_WHAT NEEDS TO BE DONE_: Without the pictures, set down every record below exactly as it reads.

Source data:
::::::::

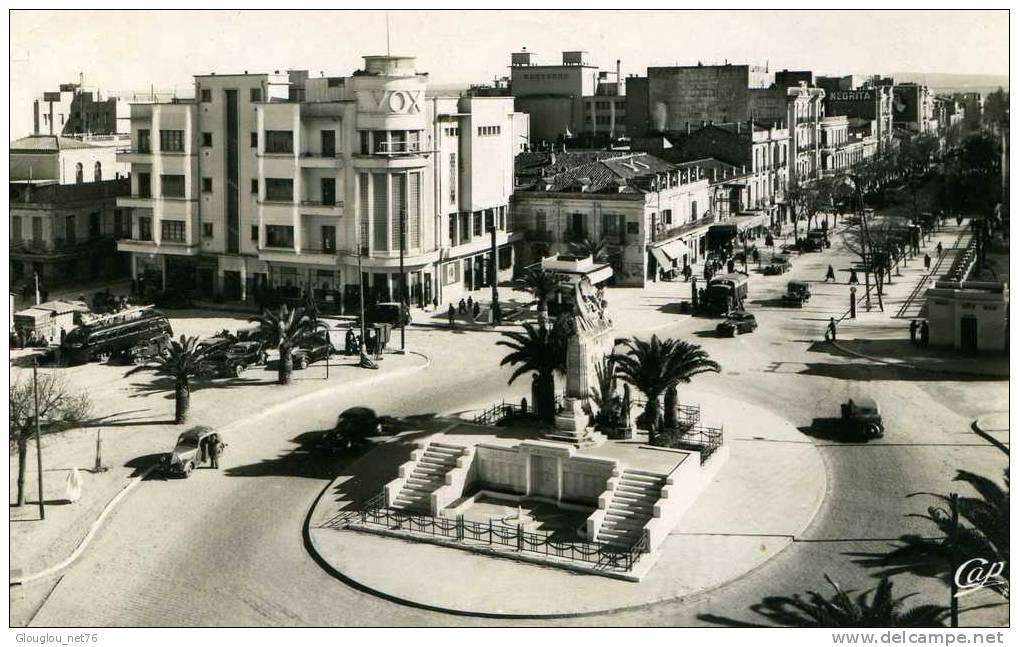 SOUVENIR DE SIDI BEL ABBES...LA PLACE CLEMENCEAU ET LE MONUMENT AUX MORTS..CPSM PETIT FORMAT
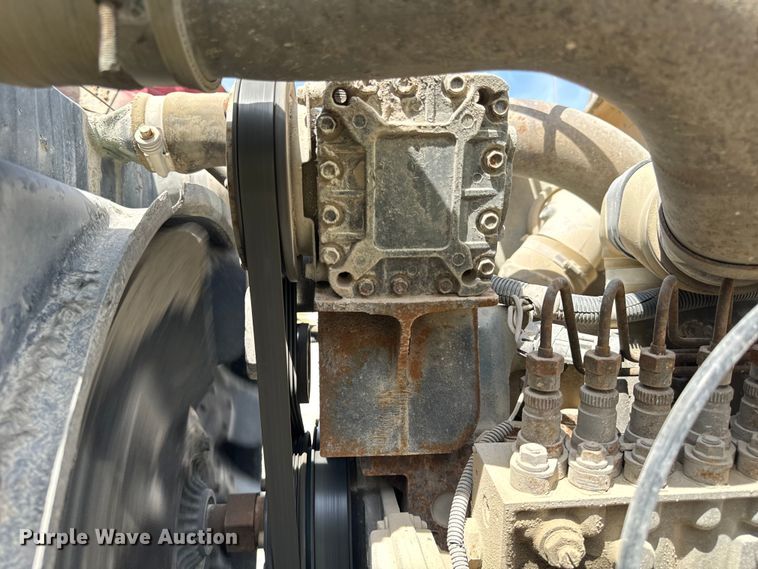 image for item OH9021 1996 International  4900 dump truck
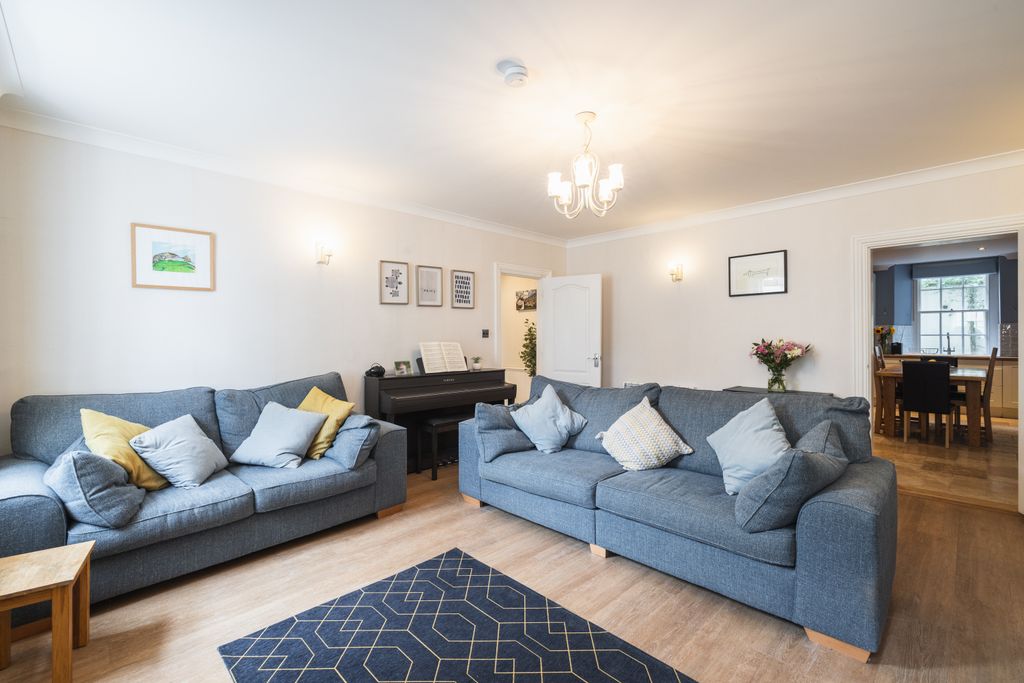 Additional image 13 of 2 bed flat for saleLe Mont Pinel, St. Helier, Jersey JE2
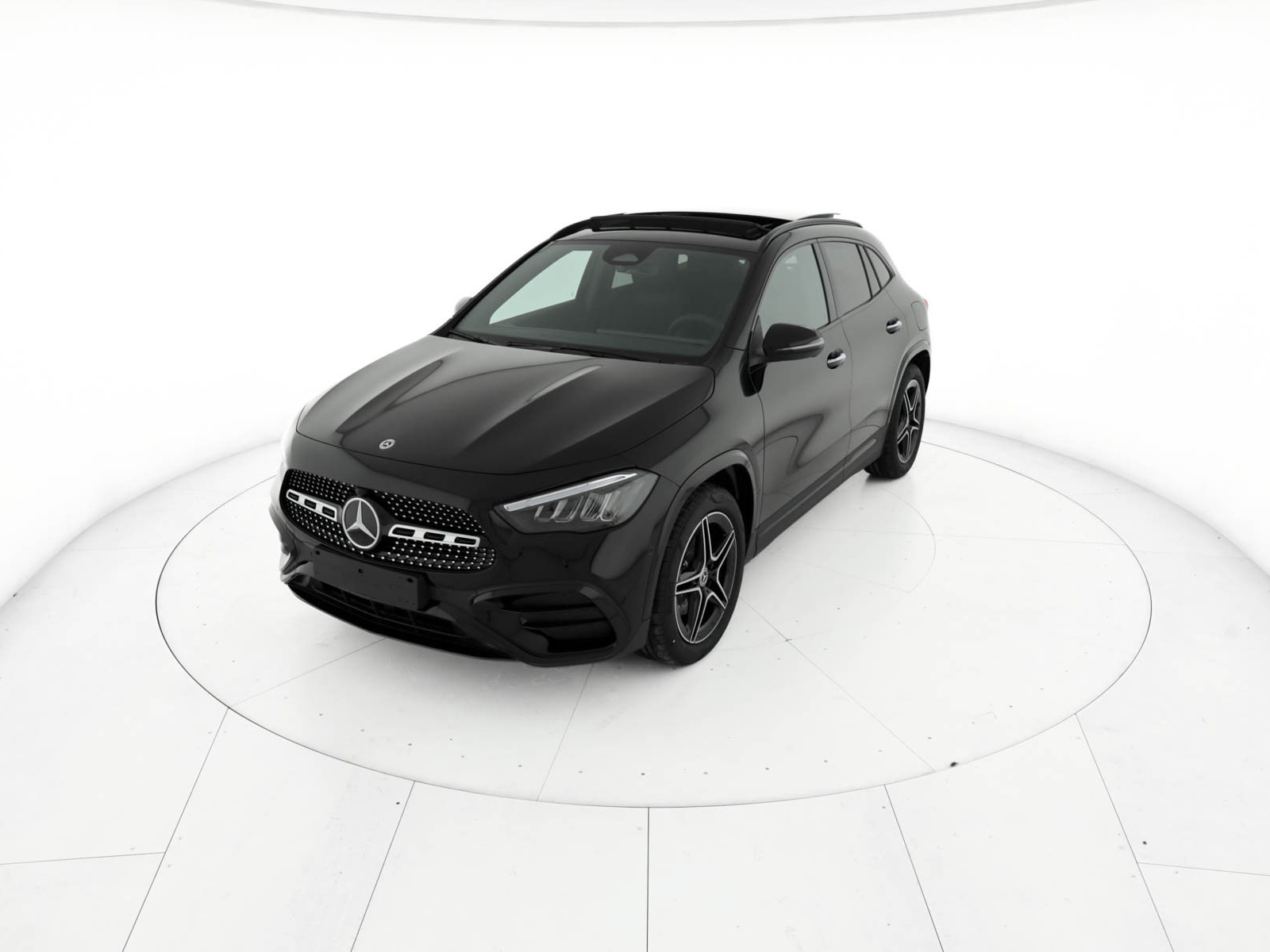 Mercedes GLA - foto principale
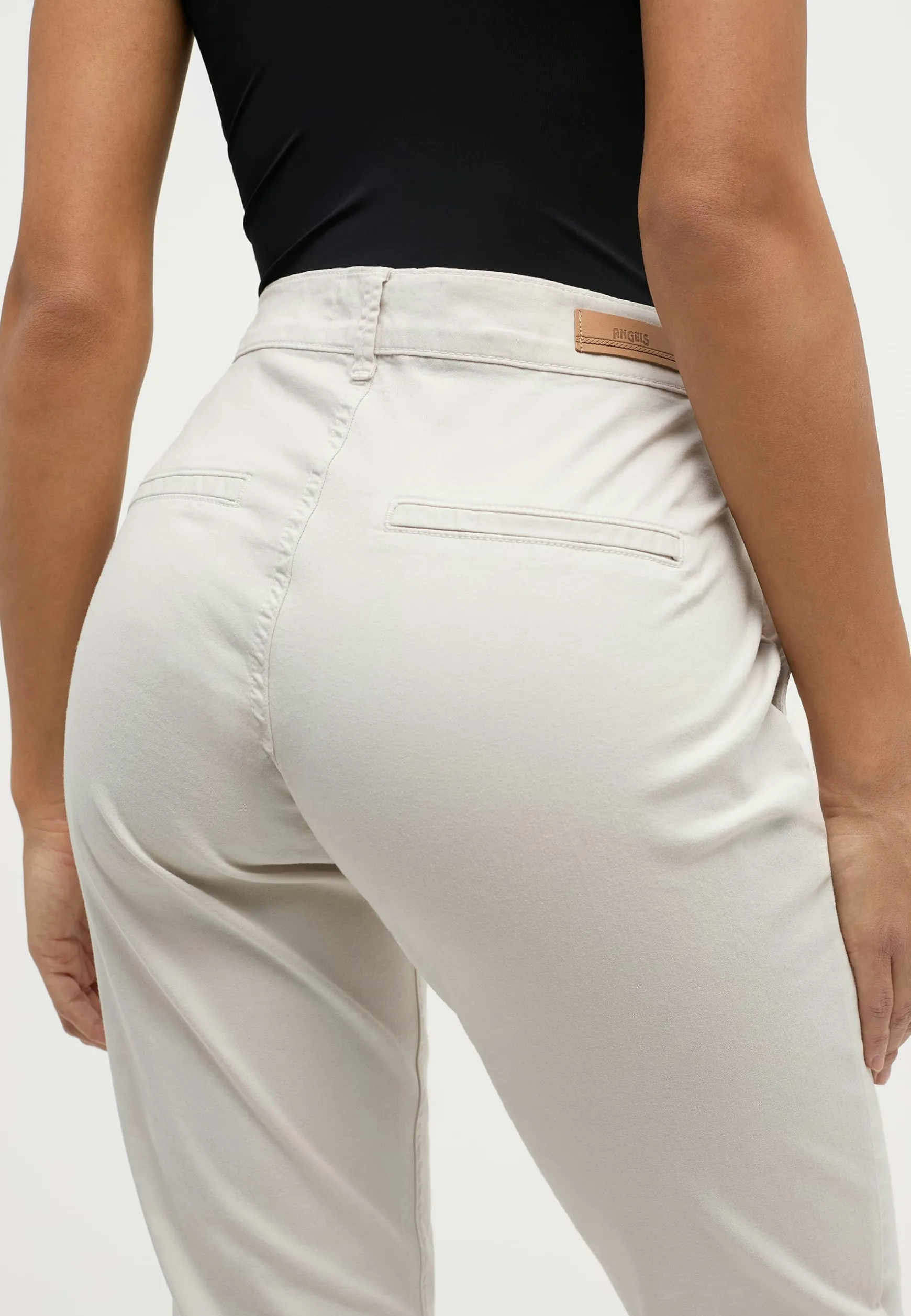 Louisa Chino mit mit Paspeltaschen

::::::::

_RESULT OF THIS EXERCISE_:
 SOUVENIR DE SIDI BEL ABBES...LA PLACE CLEMENCEAU ET LE MONUMENT AUX MORTS..CPSM PETIT FORMAT
 image for item OH9021 1996 International  4900 dump truck
 Additional image 13 of 2 bed flat for saleLe Mont Pinel, St. Helier, Jersey JE2
 Mercedes GLA - foto principale
 Louisa Chino mit mit Paspeltaschen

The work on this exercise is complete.